In a recent op-ed by Simon Tay and Cheryl Tan that appeared in The Japan Times, the authors suggested that it is the United States and Europe who stand to lose if their response to backsliding political reforms in Burma is to reinstate lifted or retain existing sanctions. The authors rely heavily on the fact that China and other Asian countries have reassured Burma of their continued commitment to Burma regardless of its internal political issues. In essence, the authors state that while the West gets hung up on political issues, potential Asian trading partners are only concerned with improving business conditions, i.e. infrastructure, within Burma to maximize their opportunities.
However, these conclusions overlook the fact that many of the key economic players in Burma have remained sanctioned for their prior involvement with the military junta or for their current anti-democratic or corruption-related activities. The impact of those sanctions will prevent any wide-scale improvement to Burma’s infrastructure and business viability, which the authors of the op-ed claim are the only things concerning Burma’s Asian trading partners.
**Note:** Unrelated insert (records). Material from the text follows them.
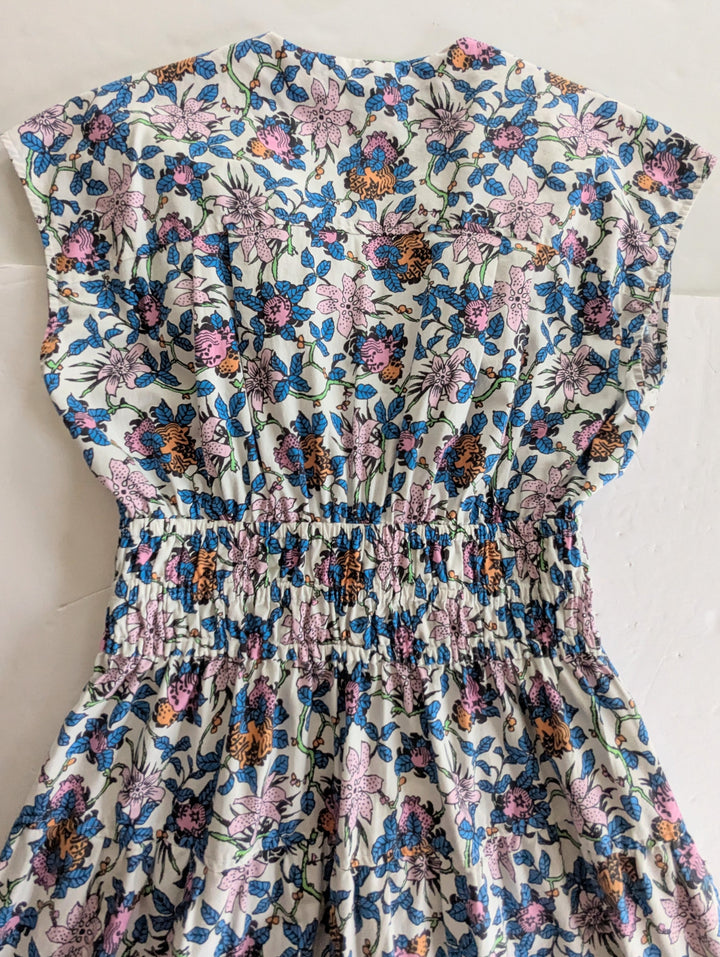 10 Crosby Derek Lam Fatima Tiered Maxi Dress Size 6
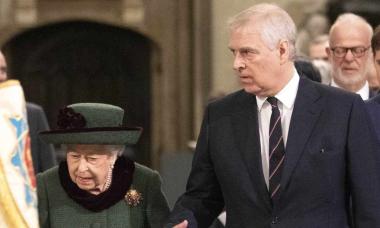 Queen Elizabeth quietly ‘shielded’ Andrew as Epstein scandal peaked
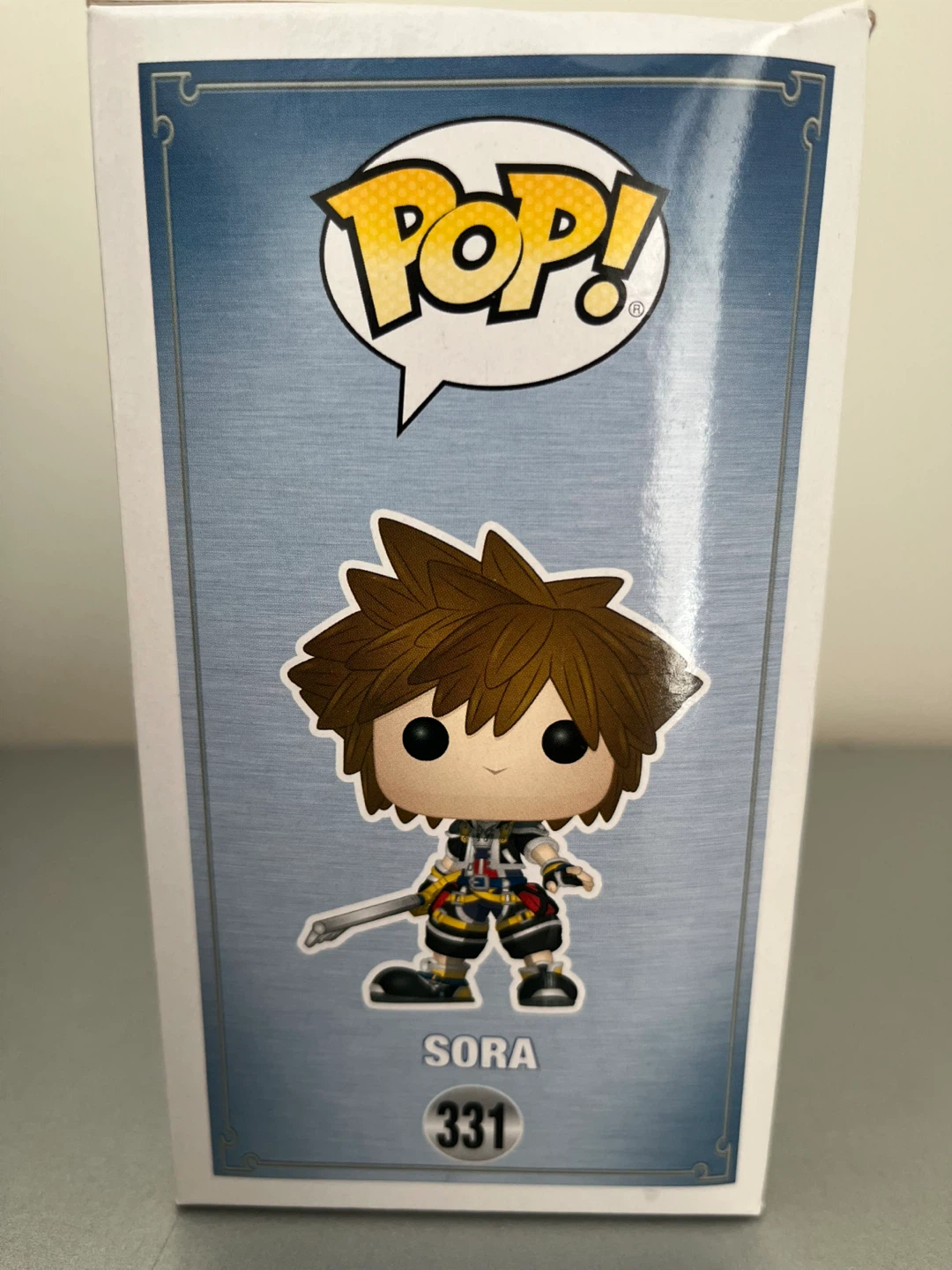 Funko Pop! Kingdom Hearts Sora #331 Vinyl Figure - photo 4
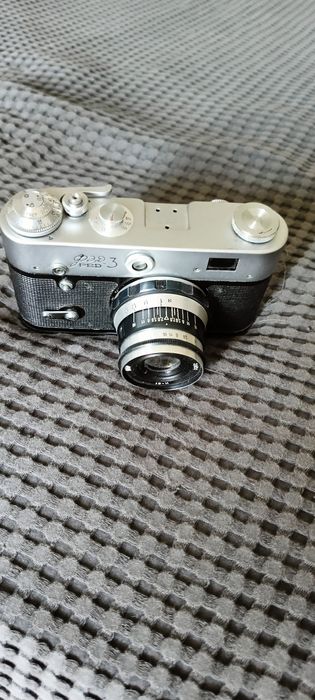 Фотоаппарат ФЭД 3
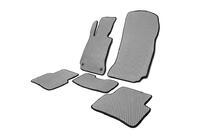 Mercedes C-class W204 2007-2015 EVA Floor Mats (Gray) photo 2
Targeted sanctions have been in place in one form or another against these specific Burmese persons pursuant to Executive Orders 13310, 13448, 13464, and 13619. So even when country-based sanctions were lifted by the United States, those individuals appearing on the Office of Foreign Assets Control (OFAC) administered Specially Designated Nationals and Blocked Persons list (SDN List) have largely remained blacklisted from the U.S. economy and financial system.
U.S. persons are prohibited from undertaking virtually all direct or indirect transactions with SDNs. Moreover, U.S. persons are prohibited from transacting with entities owned at least 50 percent or controlled by SDNs regardless of whether the entity itself is listed in the annex to an executive order or otherwise placed on OFAC’s SDN List. The reason this is problematic is because the Burmese persons appearing on the SDN List own and control much of the country’s infrastructural and developmental capabilities. So even though a particular company or entity is not on the SDN List, there is still an appreciable risk that a U.S. person is prohibited from transacting with it.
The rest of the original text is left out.